The last 70 miles into New Caledonia over night ended up being a stunning night with mostly clear skies and a NE/N wind around 15 knots, allowing us to sail at around 6 to 7 knots and gain some time to enter the pass. The seas remained less than 1 meter, and the wind died, so all was well!
We could not have had a better entry into Havannah Pass if we planned it with the right information!!! It was a little hit and miss with the conflicting information we had. 20 miles out, having current with us for the first time in a while, we knew it had to be the flood into the pass. First light was just after 0415 as we came in. Only one of the lead lights was working, but our charts were spot on and with a little bit of light, we could spot the Japanese fishing trawler on the southern reef and the Phare light gave us the boundary of the starboard reef. We had 4 knots with us as we entered the pass between the reef with no over falls. Otherwise we had around 2 knots of current with us.

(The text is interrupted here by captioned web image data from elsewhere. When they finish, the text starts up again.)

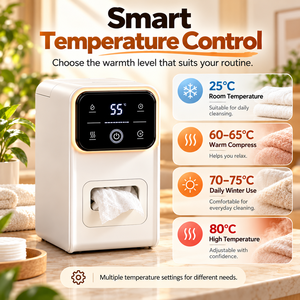 <b>Electric</b> Hot and Cold Towel Warmer <b>Portable</b> Towel <b>Heater</b> with Independent Water Tank Touch Screen for Salon Spa Household - Product Image 3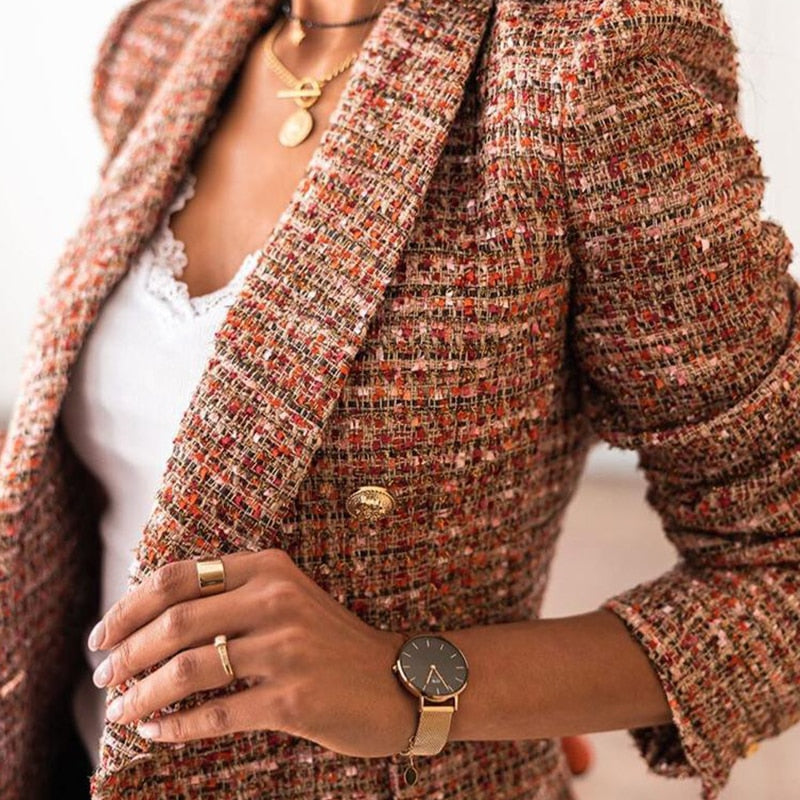 WW | Damen Karo Lang blazer - Formal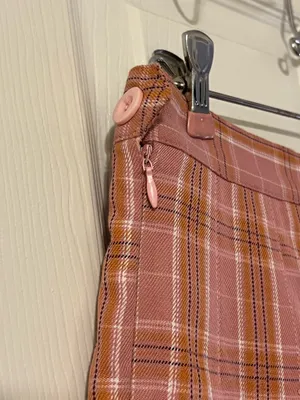 Amazon Pink Plaid Pleated Mini Skirt thumbnail 5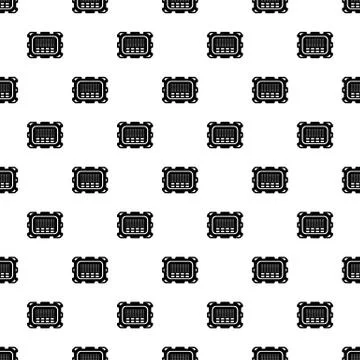 Central microchip pattern seamless イラスト素材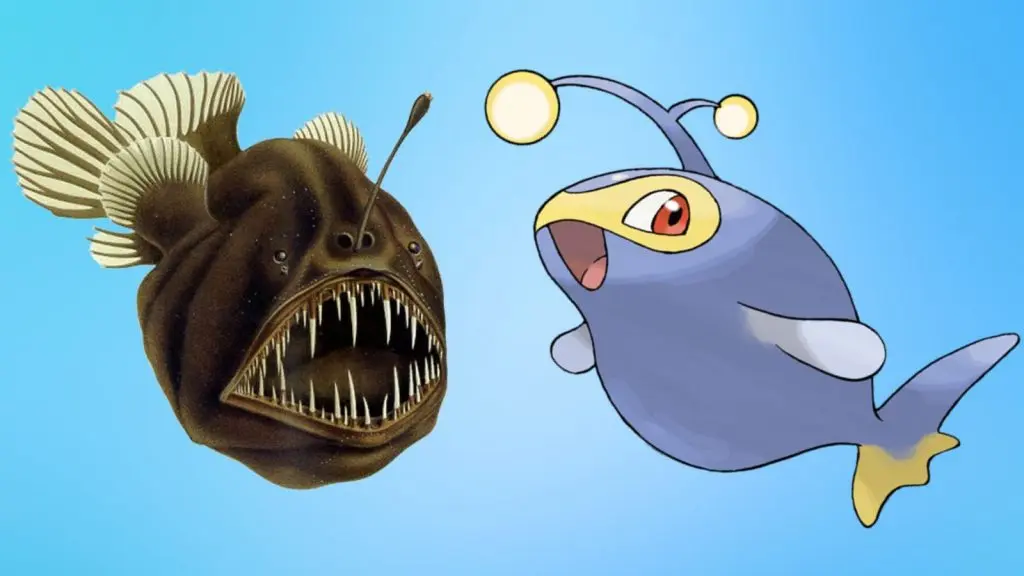 pokemon lanturn anglerfish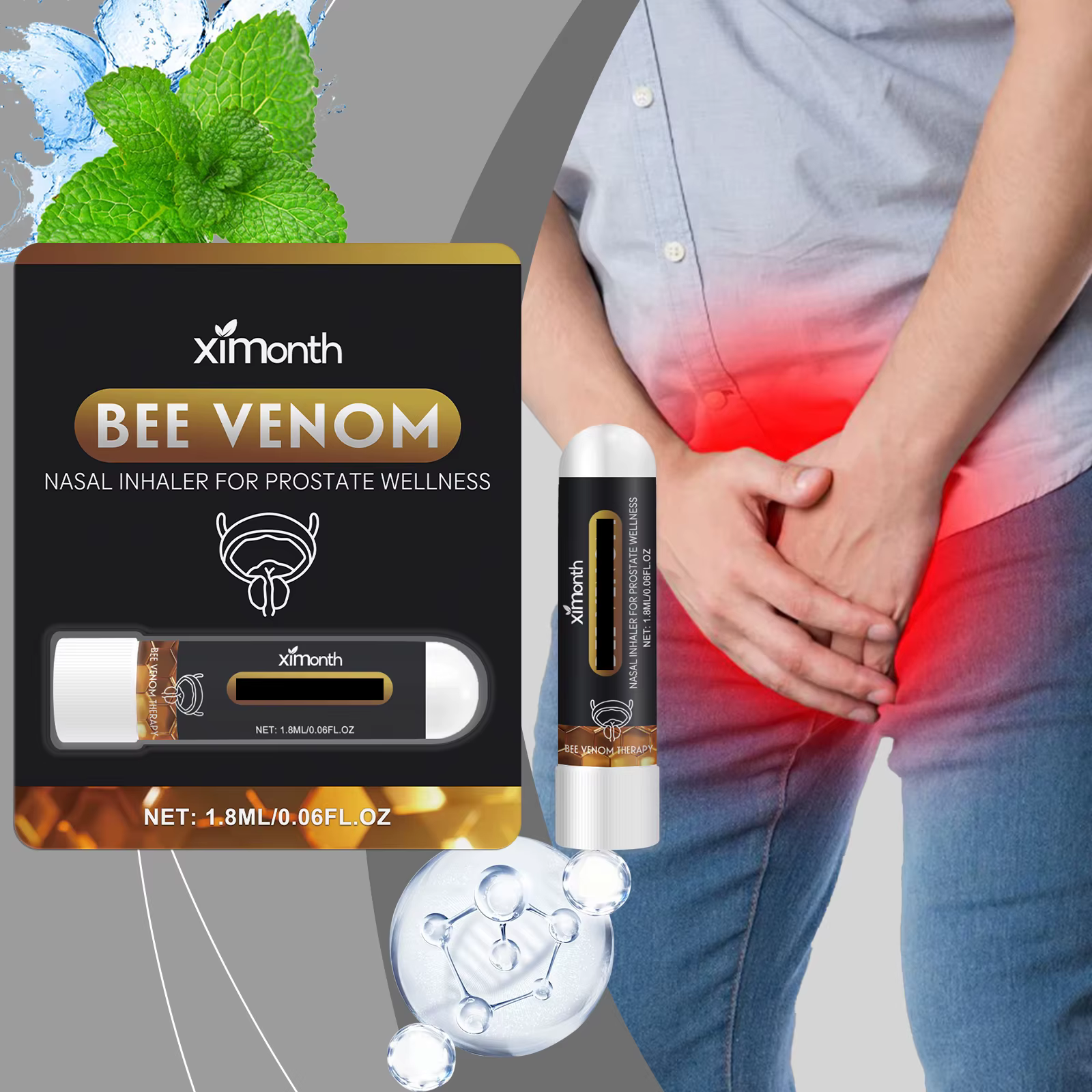 Inhalateur Nasal Énergisant pour Hommes - Boostez l'Énergie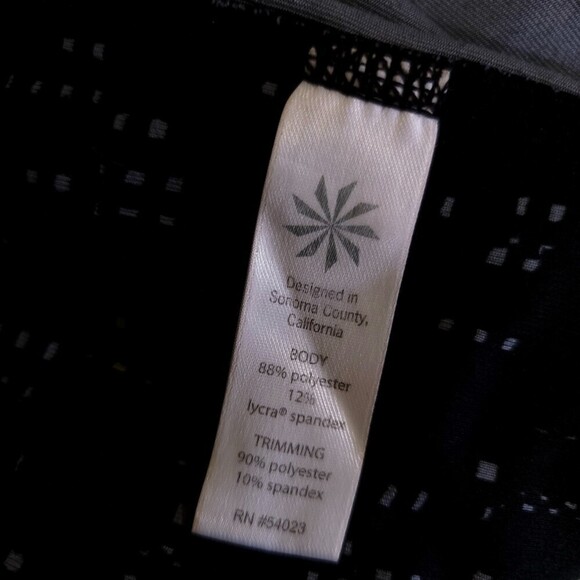 ATHLETA Fast Lane Be Free Mid Rise Leggings Black Mesh Multicolor Womens XXS - Picture 13 of 14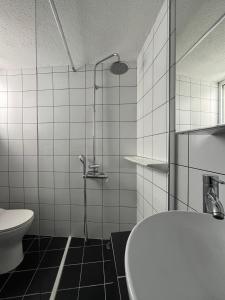 Koupelna v ubytování Lovely Studio Apartment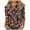 Multicolor Plus Size Blouse for Women_y, variant on CYMMPU Floral Pattern 3/4 Sleeve Crew Neck Fall Fashion Shirts Blouses for Women Dressy Casual Spring Tops T-Shirts Loose Fit Lightweight Basic T-Shirts Multicolor XL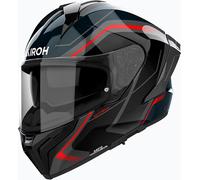 Airoh Matryx Wide, casque intégral S Noir/Gris/Rouge Noir/Gris/Rouge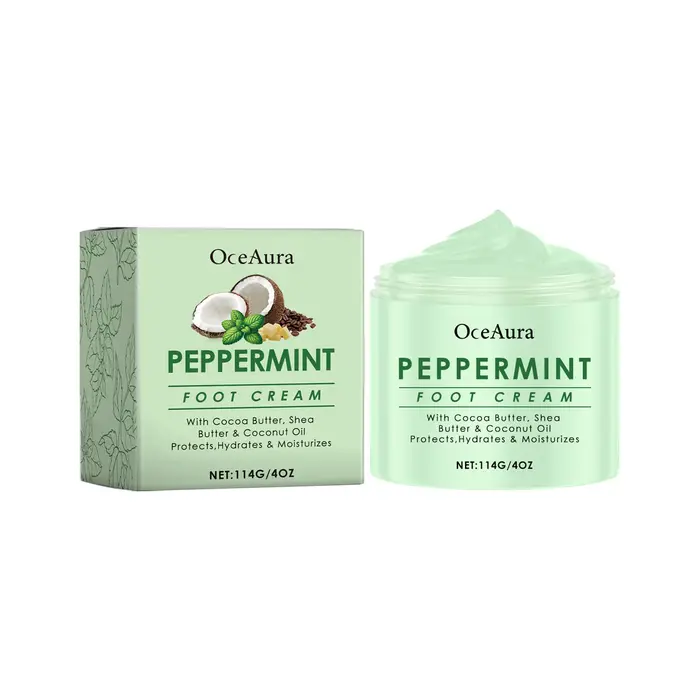 Crème hydratante pour les pieds, hortelle poivrée, soulage la sécheresse, Anti-fissure, réparation, 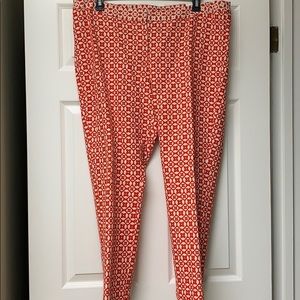 Worthington brocade cayenne slim low rise pant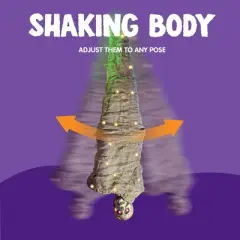 Joyfy 65" Halloween Hanging Cocoon Corpses Props Outdoor, Halloween Decoration Body Prop Corpses Skeleton with Lights&LED Eyes&Sound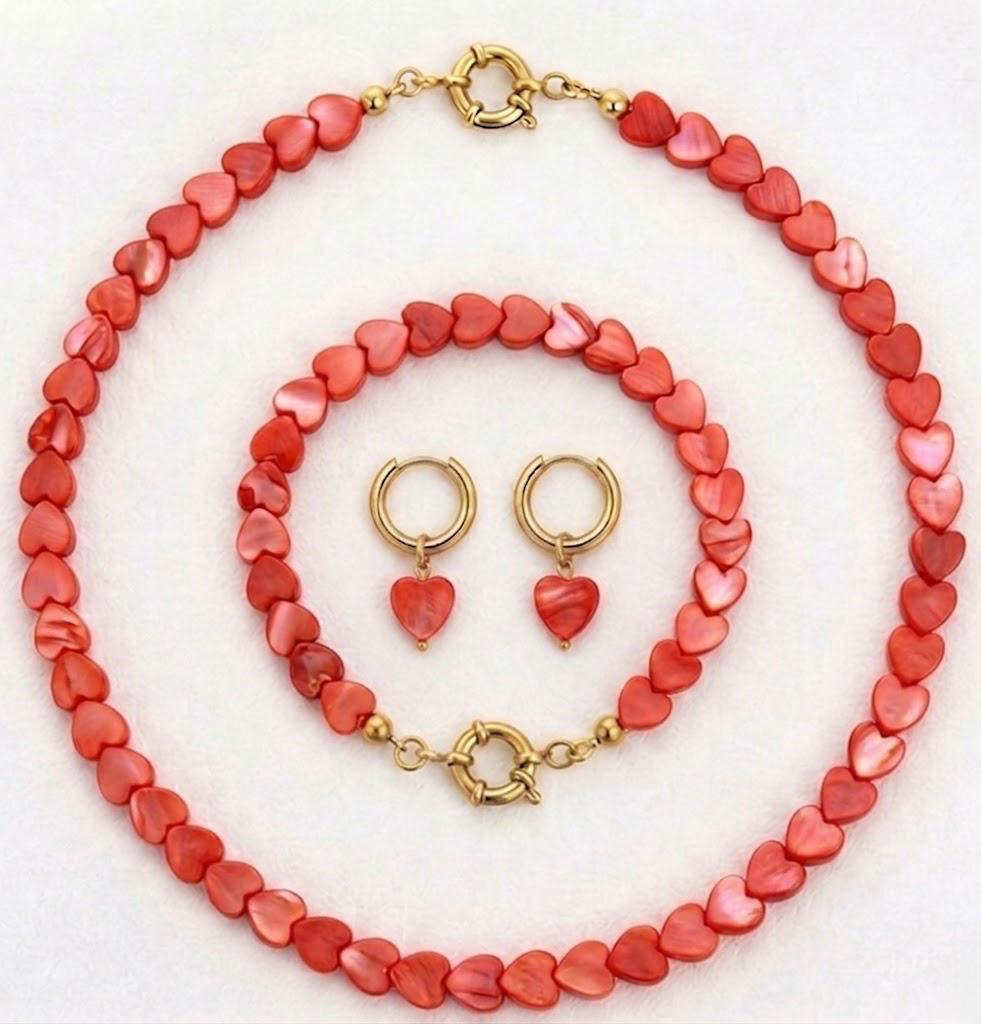 Complete set: Heartbeat Rood Goud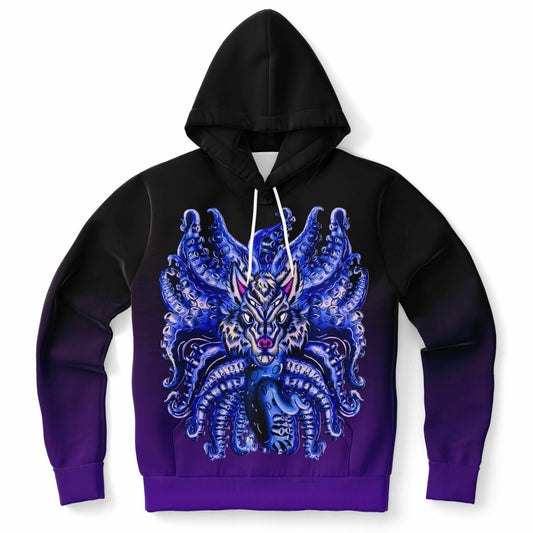 Deep Velvet Blue-Yellow Wolf Tulu Athletic Hoodie Subliminator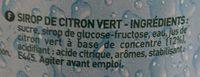 Citron Vert Ingredients
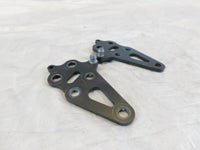 Pair Black 2008-2016 Polaris Victory Vision Engine Motor Mount Rear Brackets - C3 Cycle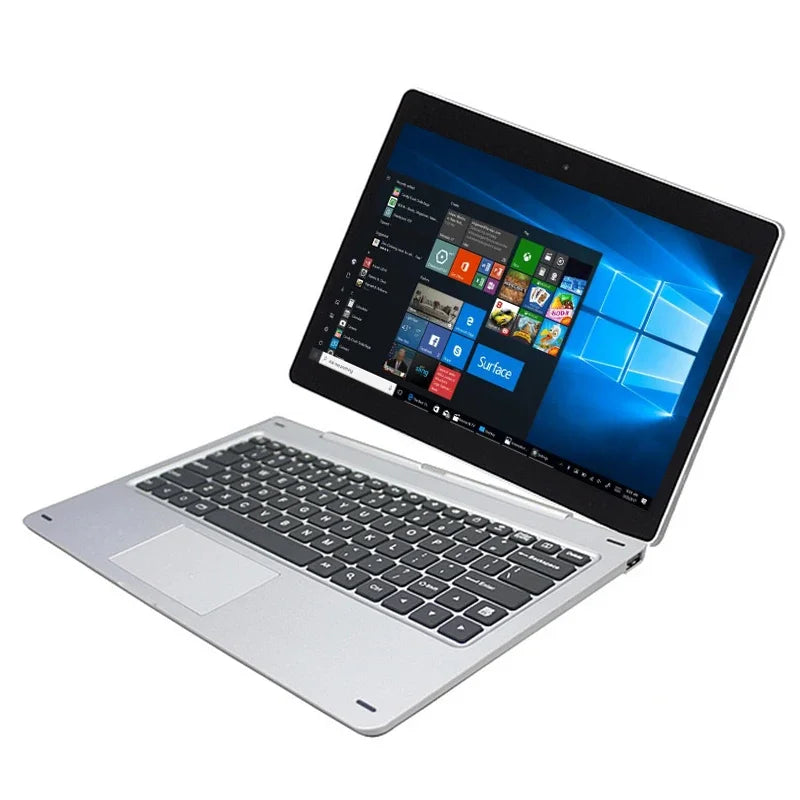 Hot Sales 11.6'' Windows 10 Tablet PC 2GB DDR+64GB 2 in1 Docking Keyboard G12 Z8350 CPU 1366*768 IPS Touch Quad Core Dual Camera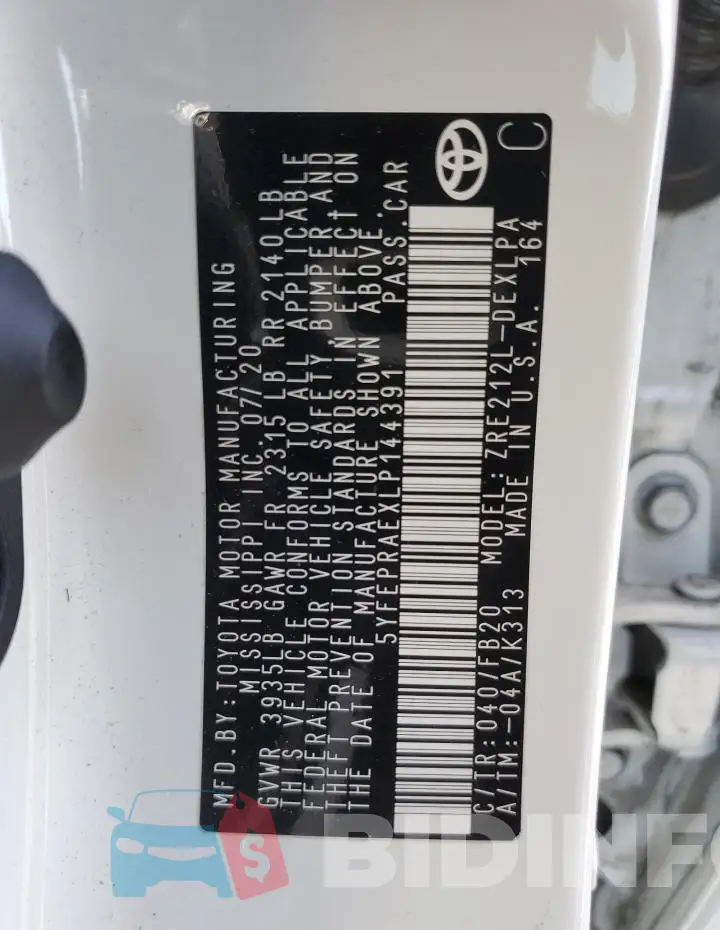 5YFEPRAEXLP144391 Photo# 12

We first thought that coming into the pass at slack water at the end of the ebb was the optimal time, however this would give you negative current from 20 miles or so out. So coming in with the flood just happened to be lucky!! Better to be born more lucky than rich????????????
It appeared that HW at the pass was in fact 1 hour after HW Noumea. It is VERY important to get through the pass with little wind otherwise you are in for a wild time. Two other yachts who were behind us had a terrible time with 20 to 25 knot head wind and over falls with strong currents. One yacht hove to outside the passage for the night and had a very rough night. We spoke to a kiwi who came in with a 4m sea and 30 knots of wind behind him......he was broaching several times and found it difficult to get out of the large standing waves. Sounded positively dangerous with the reefs either side.
We came into anchor in Baie De Prony..beautiful and quiet. Noumea tomorrow before the front hits. Timing is everything.
Since January this year we have sailed a little over 9,000 nm. Almost the same as our tour of the Indian Ocean, however, the Pacific has been a lot more challenging. We have managed to come thus far without running into a front, active convergence zone, an active trough or the SPCZ! (South Pacific Convergence Zone). Of the two lightening storms we have seen, we have been tucked away and out of sight!!! No easy feat!
We are somewhat hoping (but doubtful) we will get to Bundaberg without crossing a front or convergence zone as the weather pattern is now changing. Maybe a front will be less likely as the lows should start dropping further south now summer is approaching. We have David and Patricia who operate Gulf Harbour Radio (NZ) with excellent weather forecasting and offer a good back up to choosing our weather window. Bundy is some 770 miles from Noumea.